> _Records provided_
----

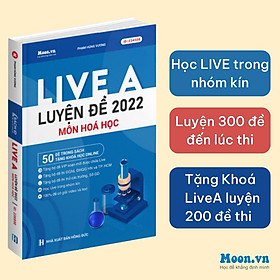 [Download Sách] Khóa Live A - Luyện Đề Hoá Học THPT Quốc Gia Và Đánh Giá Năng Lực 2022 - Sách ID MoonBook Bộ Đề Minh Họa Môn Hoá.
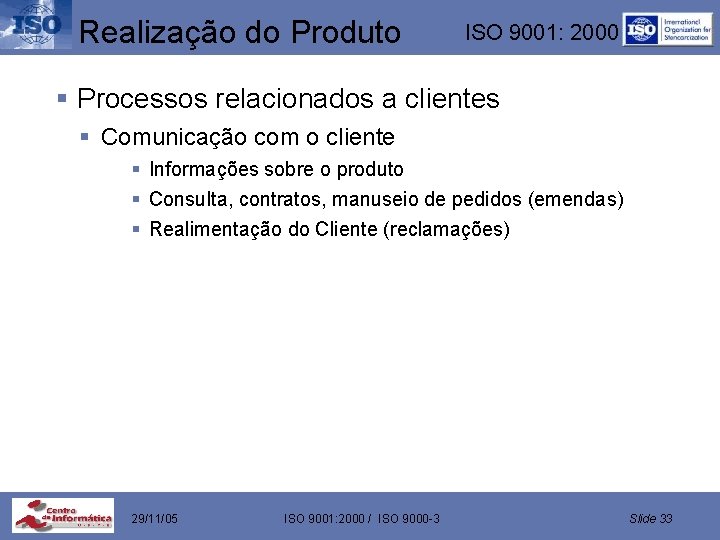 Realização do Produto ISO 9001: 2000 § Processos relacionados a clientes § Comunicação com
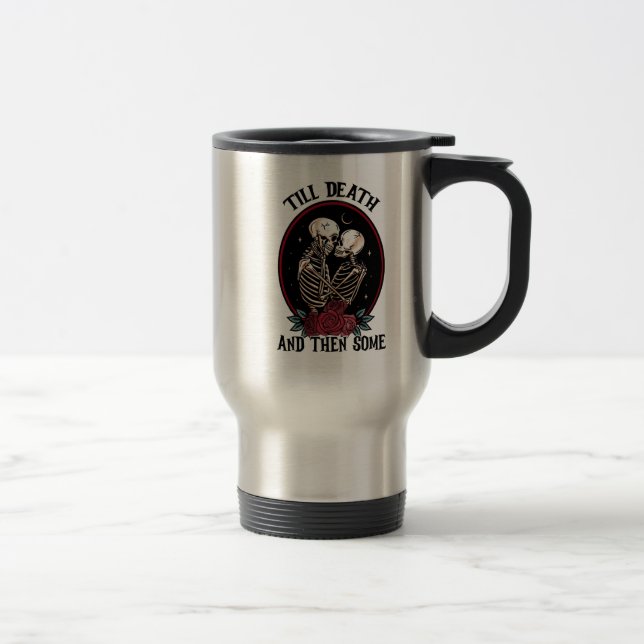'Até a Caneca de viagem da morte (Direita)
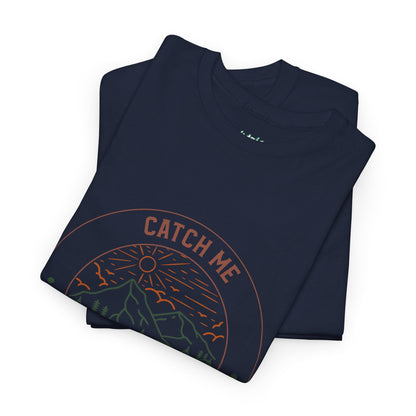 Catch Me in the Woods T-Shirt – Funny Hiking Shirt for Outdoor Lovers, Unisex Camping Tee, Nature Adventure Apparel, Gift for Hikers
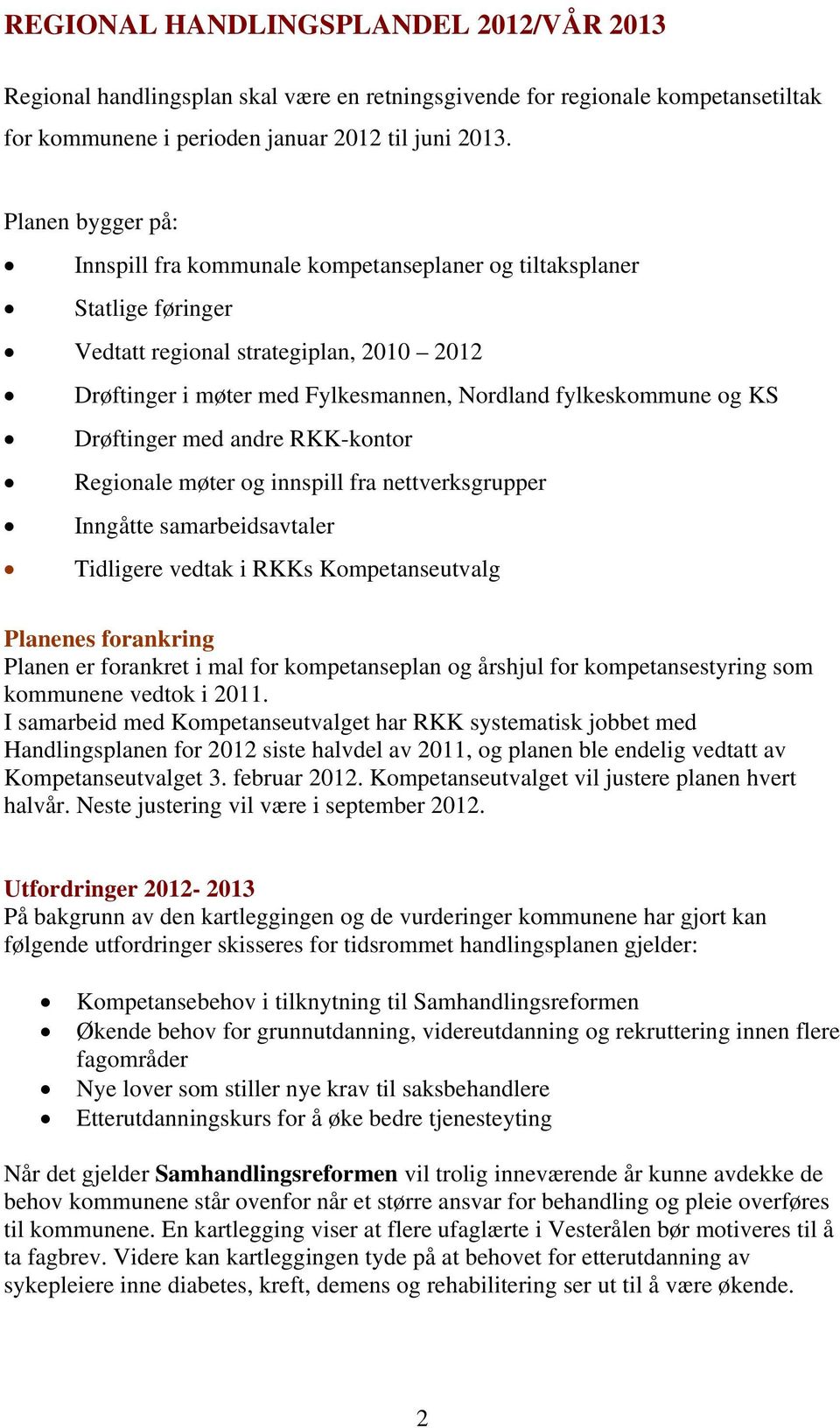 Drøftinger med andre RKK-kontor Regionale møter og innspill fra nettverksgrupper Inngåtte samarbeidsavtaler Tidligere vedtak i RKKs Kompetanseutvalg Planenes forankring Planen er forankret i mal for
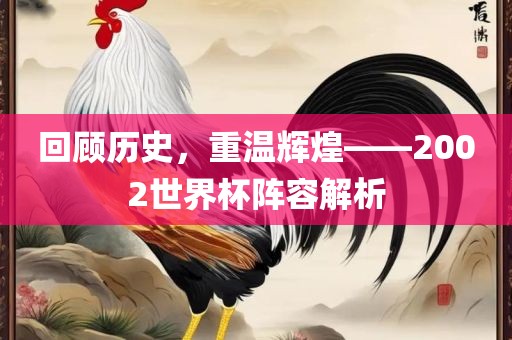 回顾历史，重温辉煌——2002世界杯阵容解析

----

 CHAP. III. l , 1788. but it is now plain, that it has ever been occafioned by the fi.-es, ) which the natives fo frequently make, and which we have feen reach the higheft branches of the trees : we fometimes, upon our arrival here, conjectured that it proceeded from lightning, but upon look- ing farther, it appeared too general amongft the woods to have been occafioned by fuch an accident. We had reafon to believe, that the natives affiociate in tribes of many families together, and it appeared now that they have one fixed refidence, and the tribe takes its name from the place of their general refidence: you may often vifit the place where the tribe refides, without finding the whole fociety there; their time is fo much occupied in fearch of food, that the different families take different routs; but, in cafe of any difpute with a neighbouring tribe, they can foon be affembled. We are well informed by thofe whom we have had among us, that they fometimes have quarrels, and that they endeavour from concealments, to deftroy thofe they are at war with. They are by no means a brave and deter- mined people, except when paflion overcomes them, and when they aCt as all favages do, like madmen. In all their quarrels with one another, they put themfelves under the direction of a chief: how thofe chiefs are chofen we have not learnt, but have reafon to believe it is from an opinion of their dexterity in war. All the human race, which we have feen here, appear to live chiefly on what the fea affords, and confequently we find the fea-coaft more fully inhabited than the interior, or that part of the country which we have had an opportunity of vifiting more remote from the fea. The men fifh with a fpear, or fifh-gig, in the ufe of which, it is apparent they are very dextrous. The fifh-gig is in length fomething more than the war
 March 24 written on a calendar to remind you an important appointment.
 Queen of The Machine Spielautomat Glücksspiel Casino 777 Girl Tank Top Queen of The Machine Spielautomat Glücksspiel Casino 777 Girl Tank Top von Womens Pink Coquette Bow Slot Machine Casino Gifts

----

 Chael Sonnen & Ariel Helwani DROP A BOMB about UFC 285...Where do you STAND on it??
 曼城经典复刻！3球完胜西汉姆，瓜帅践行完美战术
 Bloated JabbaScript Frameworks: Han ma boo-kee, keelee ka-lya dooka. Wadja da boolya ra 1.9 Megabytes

----

> _Exercise requirements_
Go back to the listing above and reproduce, exactly, the stretch from the line bearing "Drøftinger med andre" through the line bearing "回顾历史，重温辉煌——2002世界杯阵容解析", without its pictures.

> _Solution below_
 Drøftinger med andre RKK-kontor Regionale møter og innspill fra nettverksgrupper Inngåtte samarbeidsavtaler Tidligere vedtak i RKKs Kompetanseutvalg Planenes forankring Planen er forankret i mal for
 回顾历史，重温辉煌——2002世界杯阵容解析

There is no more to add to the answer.